• Tidak ada hasil yang ditemukan

BAB II TINJAUAN PUSTAKA DAN KAJIAN TEORETIS

B. Kajian Teoretis

2. Unsur Intrinsik Novel

Novel sebagai salah satu karya sastra, merupakan sarana atau media yang menggambarkan imajinasi pengarang. Kata novel berasal dari kata Latin novellus yang diturunkan pula dari kata novelis yang berarti baru. Novel adalah bentuk karya sastra cerita fiksi yang paling baru (Waluyo, 2011: 5).

Dalam novel banyak kita jumpai nilai-nilai kehidupan yang ingin disampaikan pengarang kepada pembaca. Dalam sebuah karya sastra novel, terdapat unsur pembangun cerita salah satunya unsur intrinsik. Nurgiyantoro (2013: 113-336) menyebutkan bahwa unsur intrinsik novel terdiri atas tema, tokoh, alur, latar, dan sudut pandang. Unsur-unsur intrinsik yang terdapat dalam novel akan penulis uraian satu persatu. a. Tema

Tema merupakan salah satu unsur yang sangat penting di dalam sebuah cerita.

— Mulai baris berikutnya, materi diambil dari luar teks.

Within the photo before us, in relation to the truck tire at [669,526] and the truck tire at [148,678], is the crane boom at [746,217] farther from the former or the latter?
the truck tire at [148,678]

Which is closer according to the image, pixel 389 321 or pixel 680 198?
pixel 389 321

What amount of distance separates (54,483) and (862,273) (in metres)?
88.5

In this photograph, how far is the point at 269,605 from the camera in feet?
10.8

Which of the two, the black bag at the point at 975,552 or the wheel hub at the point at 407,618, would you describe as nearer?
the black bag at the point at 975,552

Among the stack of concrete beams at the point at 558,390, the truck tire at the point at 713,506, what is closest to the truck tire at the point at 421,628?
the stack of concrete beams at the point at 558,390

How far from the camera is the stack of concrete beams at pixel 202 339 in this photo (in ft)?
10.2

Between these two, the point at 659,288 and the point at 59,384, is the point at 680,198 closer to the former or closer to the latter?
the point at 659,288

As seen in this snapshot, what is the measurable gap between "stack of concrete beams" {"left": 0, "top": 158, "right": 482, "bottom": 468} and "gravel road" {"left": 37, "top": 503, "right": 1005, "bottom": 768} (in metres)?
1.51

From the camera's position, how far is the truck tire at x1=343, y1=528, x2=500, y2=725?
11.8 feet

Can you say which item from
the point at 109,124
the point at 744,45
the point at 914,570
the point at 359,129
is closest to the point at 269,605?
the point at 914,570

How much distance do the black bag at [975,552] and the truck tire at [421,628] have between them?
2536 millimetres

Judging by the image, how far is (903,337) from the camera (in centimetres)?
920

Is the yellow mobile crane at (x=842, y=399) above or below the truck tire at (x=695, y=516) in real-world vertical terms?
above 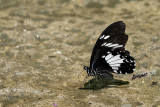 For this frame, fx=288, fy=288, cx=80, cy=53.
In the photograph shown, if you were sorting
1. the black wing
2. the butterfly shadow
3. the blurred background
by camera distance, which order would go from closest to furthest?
the blurred background
the black wing
the butterfly shadow

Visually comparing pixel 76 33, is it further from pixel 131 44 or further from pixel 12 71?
pixel 12 71

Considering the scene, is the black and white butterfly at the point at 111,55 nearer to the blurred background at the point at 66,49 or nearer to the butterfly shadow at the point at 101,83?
the butterfly shadow at the point at 101,83

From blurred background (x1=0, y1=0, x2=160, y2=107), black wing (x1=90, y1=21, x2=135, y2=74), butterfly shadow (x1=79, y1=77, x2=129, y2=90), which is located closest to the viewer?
blurred background (x1=0, y1=0, x2=160, y2=107)

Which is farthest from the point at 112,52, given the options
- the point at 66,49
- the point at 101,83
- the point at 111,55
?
the point at 66,49

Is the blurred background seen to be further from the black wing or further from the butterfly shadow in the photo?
the black wing

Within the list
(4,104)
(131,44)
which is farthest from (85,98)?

Nurgiyantoro (2013: 117) mendeskripsikan tema dapat dipandang sebagai dasar cerita sebuah karya novel. Tema merupakan

suatu gagasan pokok, sesuatu yang hendak diperjuangkan dalam suatu tulisan atau karya fiksi. Pengertian tema itu tercakup persoalan dan amanat pengarang kepada pembaca. Sementara itu, Stanton (2012: 36) menyatakan tema merupakan aspek cerita yang sejajar dengan makna dalam pengalaman manusia; sesuatu yang menjadikan suatu pengalaman begitu diingat.

Berdasarkan pendapat di atas, dapat disimpulkan bahwa tema adalah gagasan (makna) pokok yang mendasari pada sebuah cerita. Nurgiyantoro ( 2013: 125-133) berpendapat bahwa ada beberapa macam tema yang dapat digolongkan ke dalam beberapa sudut pandang, yaitu penggolongan dikotomis yang bersifat tradisional dan nontradisional serta penggolongan dari tingkat keutamaannya, yakni mayor dan minor.

1) Tema tradisional dan nontradisional

Tema tradisional dimaksudkan sebagai tema yang menunjuk pada tema yang “itu-itu” saja, dalam arti telah lama dipergunakan dan dapat ditemukan dalam berbagai cerita, termasuk cerita lama. Pernyataan-pernyataan tema yang dapat dipandang sebagai bersifat tradisional misalnya kebenaran dan keadilan mengalahkan kejahatan, tindak kejahatan walaupun ditutupi akan terbongkar, tindak kebenaran/kejahatan masing-masing akan memetik hasilnya, cinta sejati menuntut pengorbanan, cinta sejati menuntut pengorbanan, dan sebagainya, sedangkan tema nontradisional bersifat tidak lazim, tidak

sesuai dengan harapan pembaca, bersifat melawan arus, mengejutkan, mengesalkan, atau berbagai reaksi afektif yang lain.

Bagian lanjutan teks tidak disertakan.